Is there an NLU Voice? That’s an interesting and smart question. Because the written word carries a lot of weight, I do feel a certain responsibility when I pen a column. I’m trying to convey my own opinion, but also represent our company and its ethos. One thing I love is that D.J. has an incredible ability to help me flush out how I’m feeling about a topic, and he doesn’t care if I need some time to work through it. The “Disease of More” piece I wrote after the framework agreement was announced is a good example. I needed 36 hours to piece together what I wanted to say. I talked to him multiple times during the writing process. When I finished, I felt really good about where I’d landed and so did he. It got more positive reactions than just about anything I’ve written in my career. I don’t know if I would have been afforded that patience at another place.
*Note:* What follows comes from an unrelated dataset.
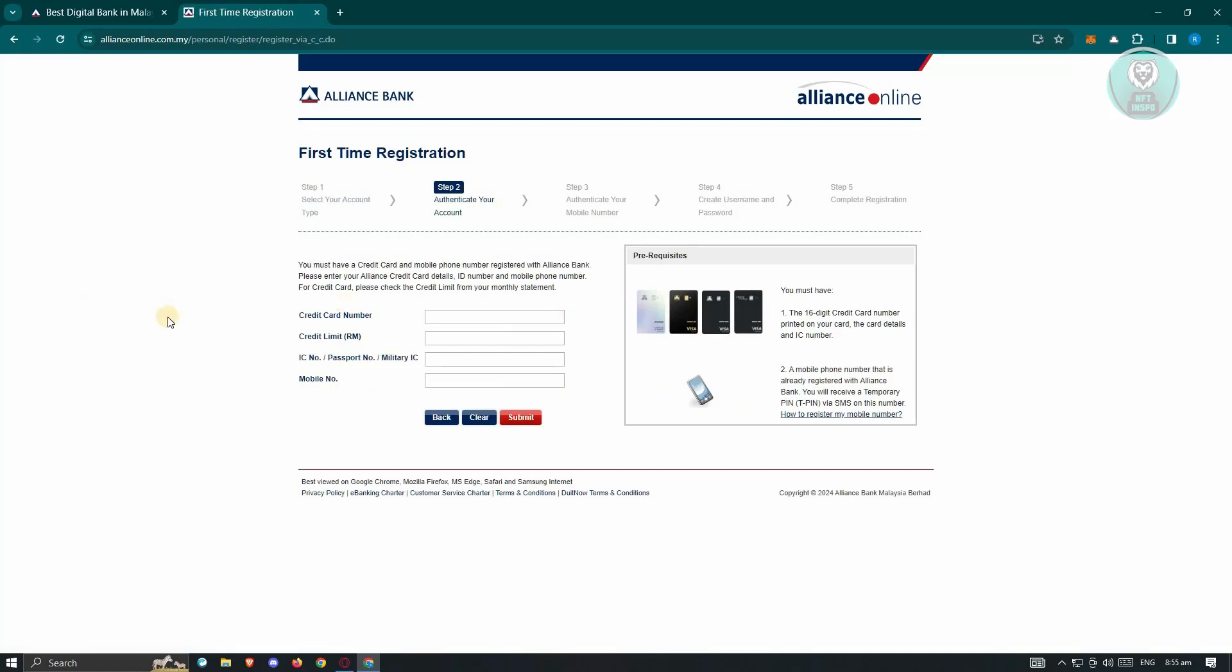From here, you have the option to enter your card number, your credit limit, IC number, passport number, military IC, and mobile number.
One of the reasons ESPN took me off golf coverage is, they wanted someone who could turn columns around quickly, to maximize the window of reader interest. Speed is not my strength as a writer.
There are people in the golf media space who have to live and die by the clicks game and I can’t tell you how grateful I am that I’m not one of them. We don’t even have any digital advertising on my stories, so whether my pieces get 100,000 clicks or 1,000 clicks makes zero difference to us. That’s why I occasionally wrote columns as Twitter threads earlier this year before that site became a wheezing dumpster fire. Hopefully, if you like my writing, you’ll want to listen to our podcast or watch our videos. Not every element of a business needs to be driven by trying to monetize the consumer. If there is one part of our creative process I’m most proud of, it’s that.